7. The delivery of up to 10% more or less than the ordered volume shall not justify a complaint. The delivered quantity shall be billed.

VIII. Storage, insurance
1. Models, raw materials, print substrates and other items suitable for re-utilisation, as well as unfinished and finished products shall only be stored beyond the date of delivery if this was arranged in advance and compensated specifically.
2. The contractor shall handle aforesaid items provided by the client with care until the date of delivery. The contractor shall only be liable for damage to such items in the case of wilful misconduct or gross negligence.
3. Insuring aforesaid items shall be incumbent upon the client.

IX. Scope of liability
If models or any other contract documents should be damaged or lost due to fault on the part of the contractor, the contractor shall be liable only for the material value, but under no circumstances for the intangible value or for consequential loss. In all cases, liability shall be limited to the value of the specific contract. Additional claims, including claims arising from a failure to perform due to breach of an obligation not otherwise governed by statute (positive Forderungsverletzung), shall be excluded. The contractor shall not be liable for external artwork, film, printing plates, other models, manuscripts, and other items that are not claimed by the client within four weeks.

X. Property, copyright 
1. All items used by the contractor to produce the contract goods, especially film, lithographs, printing plates, stamps, dies and other models, shall remain the property of the contractor and shall not be shipped, even if they are billed separately.
2. The client shall be solely liable if executing the order would violate the rights of others, especially third-party copyright. The client shall indemnify and hold the contractor harmless against all claims made by third parties on the basis of any such violation of rights.
3. By ordering the goods, the client agrees, until any cancelation is made, that their name and/or company symbol will be featured and expressed by the contractor in this context. Equally, the client allows the visual display of the ordered goods as a reference product. In case the client does not wish to do so, it is sufficient to send a written, informal note to the contractor to end this use.

XI. Commercial practice
In business transactions the customs of the trade in the printing industry shall apply (e.g. no obligation to surrender possession of semi-finished products such as data, lithographies or printing plates produced for the production of the final product on order), provided the order does not specify otherwise.

XII. Archival
Only under an express agreement and against special reimbursement shall products to which the Customer is entitled, particularly data and data carriers, be archived by the Company beyond the time of handing over the final product to the Customer or persons employed by him in performing an obligation. If the prespecified items are to be insured, the Customer himself must provide for this where there is no agreement.
XIII. Imprint
The contractor may, with the client's permission, include an appropriate reference to the contractor's business on the contract goods. The client may only withhold its consent if the client has an overriding interest in doing so.

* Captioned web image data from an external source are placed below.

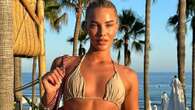 Love Island’s Grace Jackson’s flawless skin secrets - including a £5 Primark buy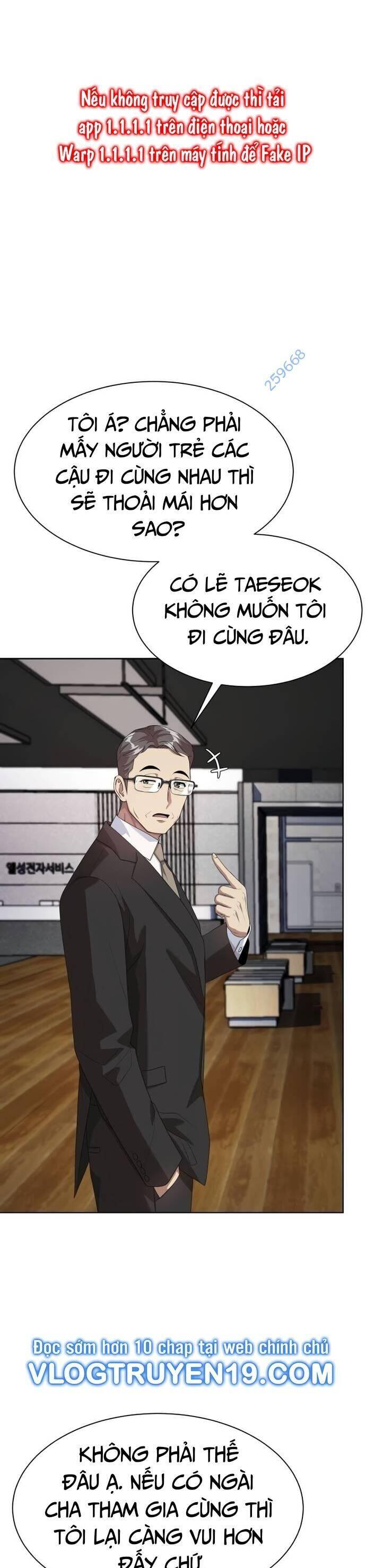 Từ Nhân Viên Vạn Năng Trở Thành Huyền Thoại: Chapter 49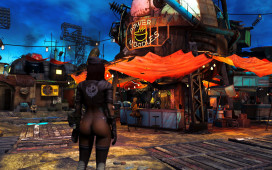 Fallout 4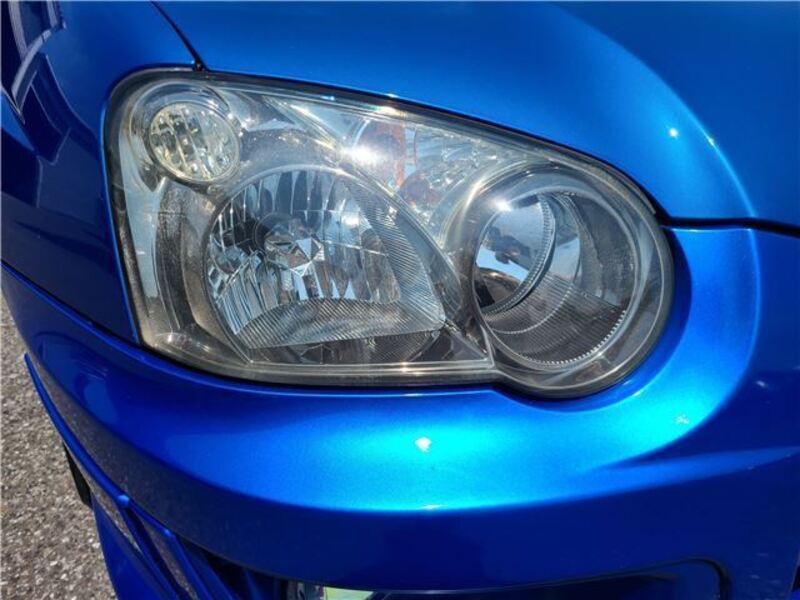 IMPREZA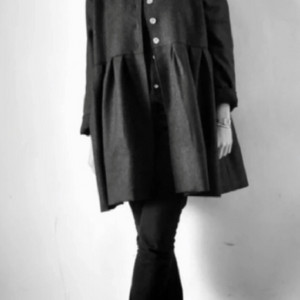 프랑스브랜드 vdj 울 자켓 코트 / 원피스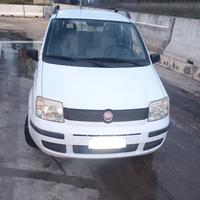 Fiat Panda 169 1.1 Benzina Anno 2008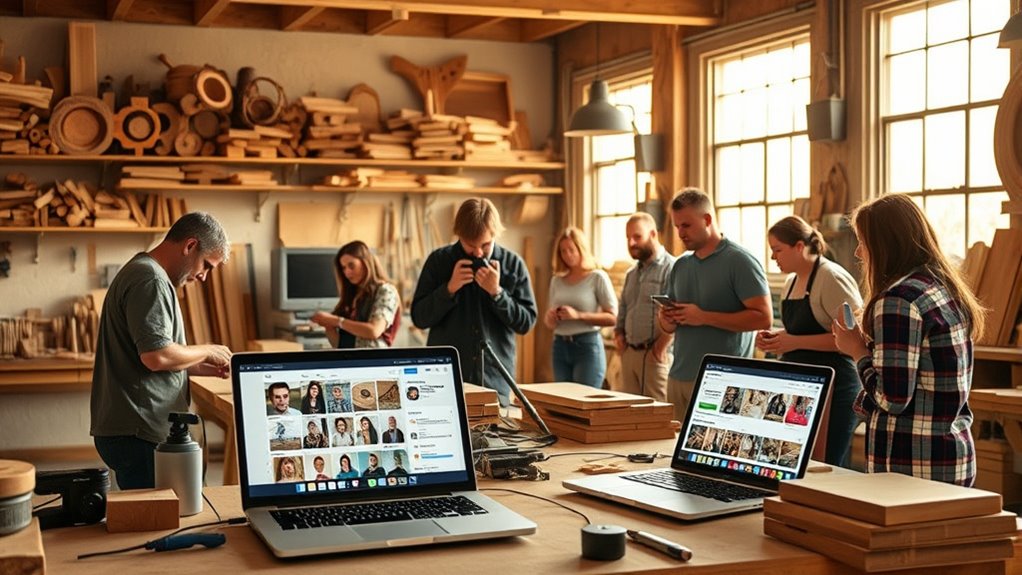 community engagement and loyalty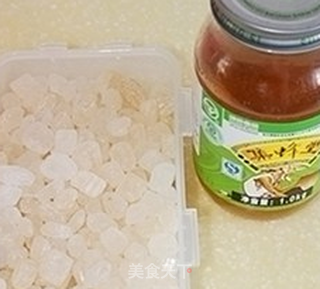 【自制草莓果酱】品尝春天的果香酸甜的做法步骤:2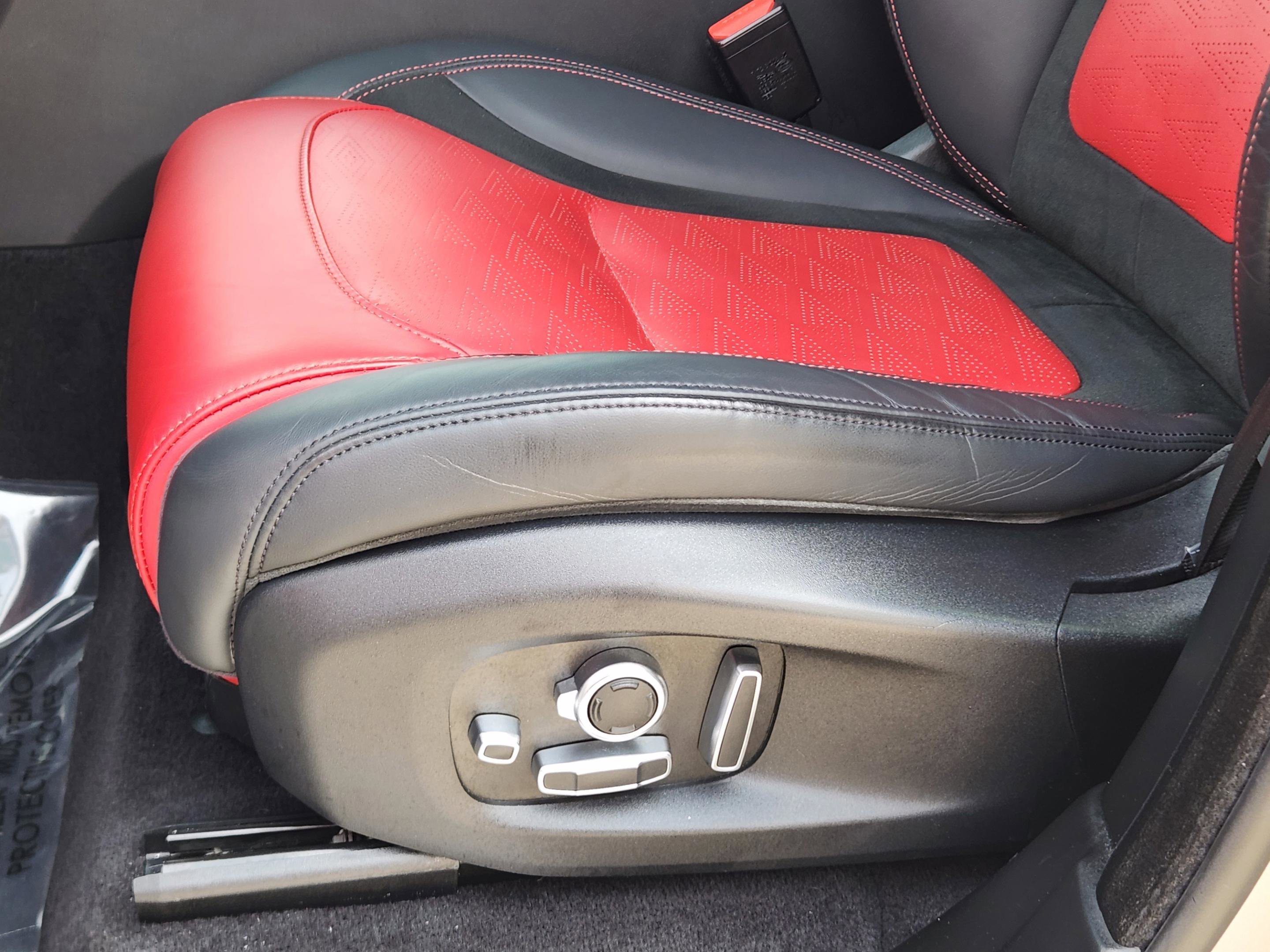 Used 2022 Land Rover Range Rover Sport SVR AWD/4WD image 18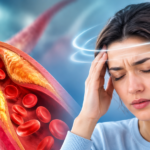 Can High Cholesterol Cause Dizziness?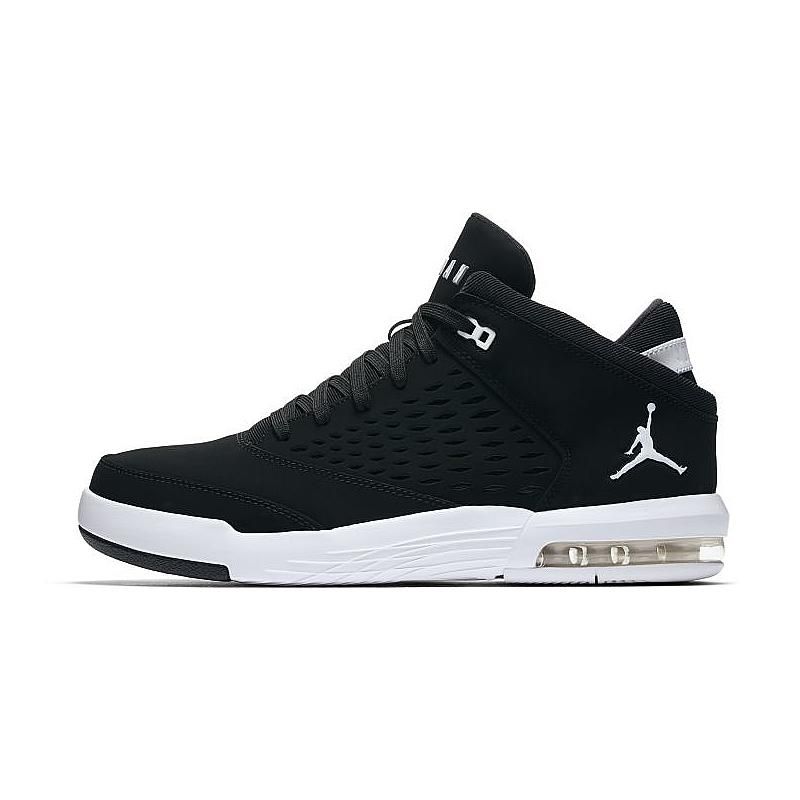 ジョーダンフライトオリジン4 ホワイト JORDAN BRAND JORDAN FLIGHT ORIGIN 4 BP WHITE/GYM RED-BLACK
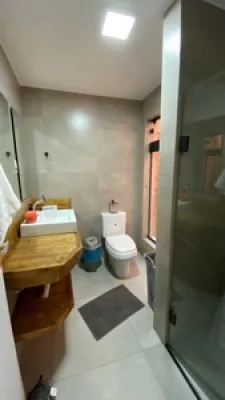 Apartamento 03 Dormitórios a Venda no Bairro Zona Nova em Capão da Canoa — foto 3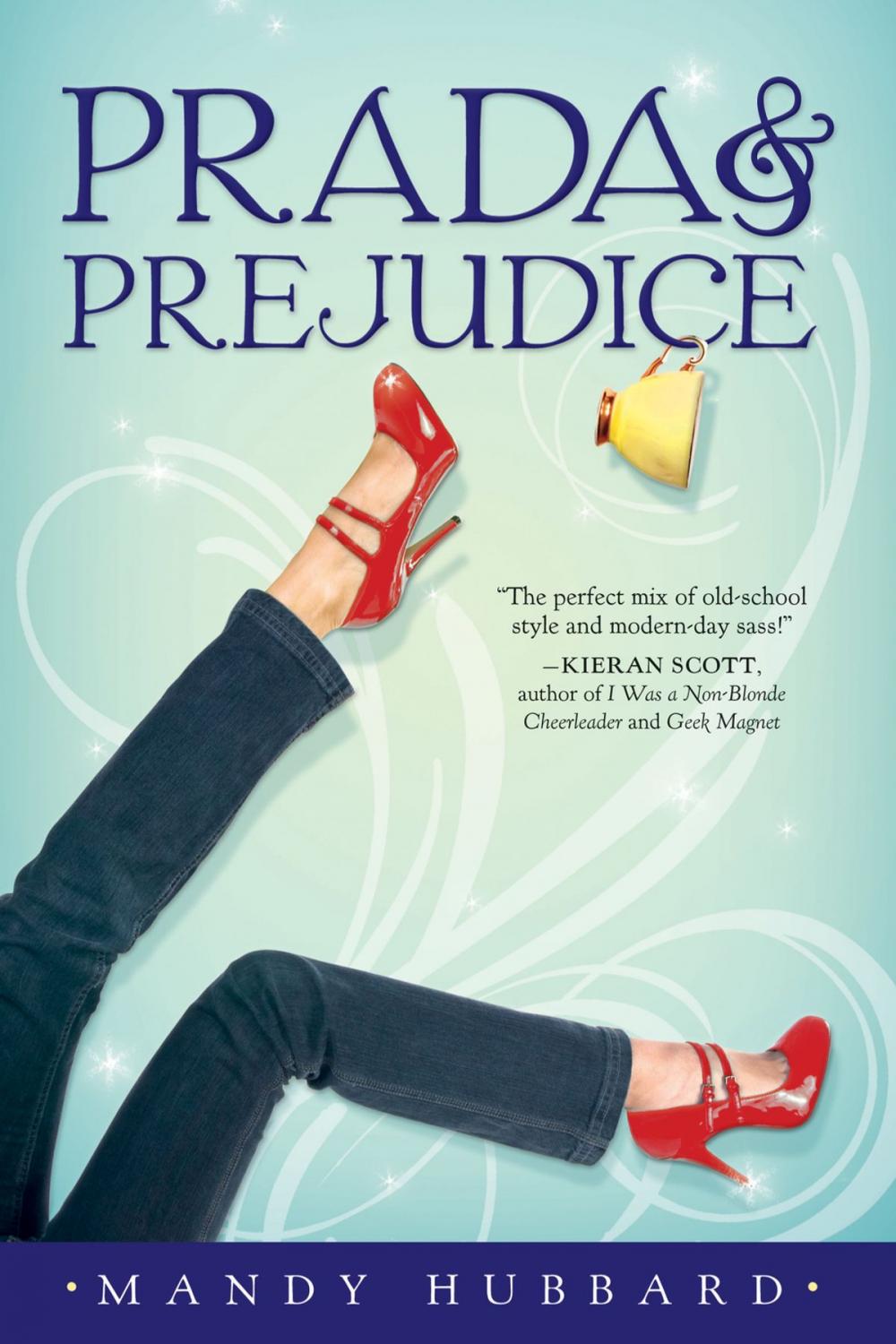 Big bigCover of Prada and Prejudice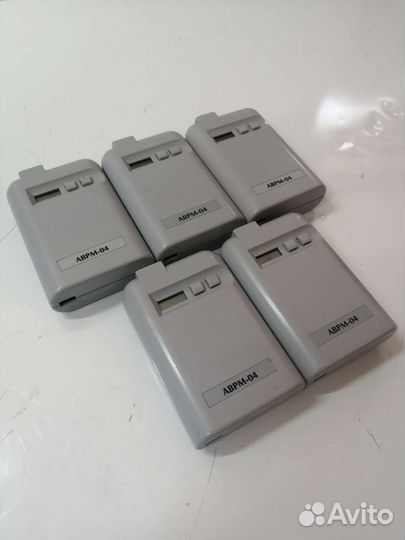 Суточный монитор Meditech abpm-04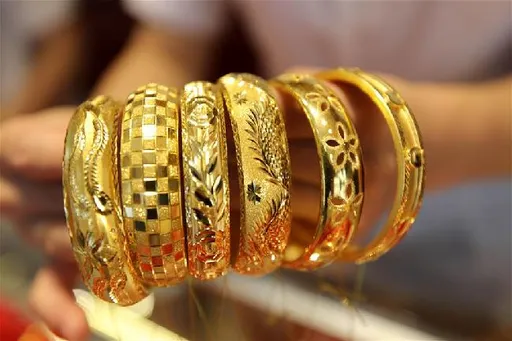 黃金行情來了！　瑞銀調高金價預估值至2100美元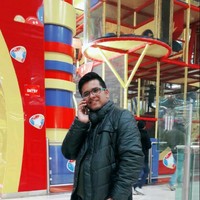 sandeep dhuliya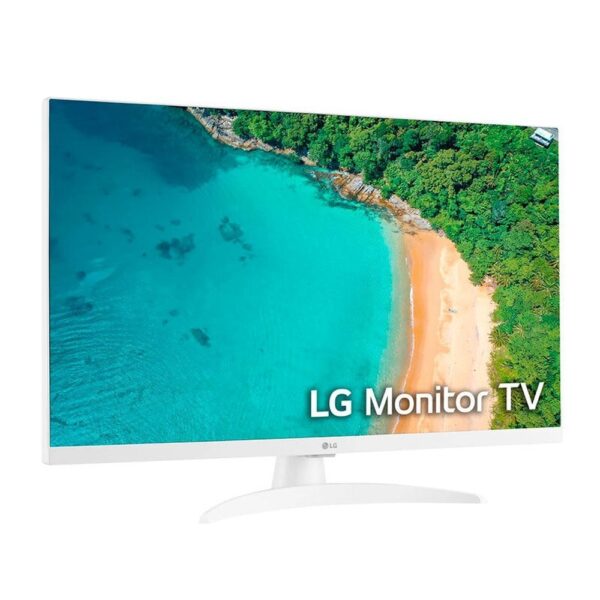 Lg 27TQ615S-WZ - Monitor 27" - Imagen 4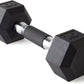 CAP Barbell Coated Dumbbell Weights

XIIII. Place of performance, jurisdiction, validity
1. If both parties are registered merchants within the meaning of the German Commercial Code (HGB), the place of performance and place of jurisdiction for all claims and legal disputes arising under this contract, including summary proceedings able to be disposed of on the basis of documentary evidence only (including those involving bills of exchange), shall be the domicile of the contractor.
2. If any clauses of this contract should be or become partly or wholly invalid, the remaining clauses shall continue to apply.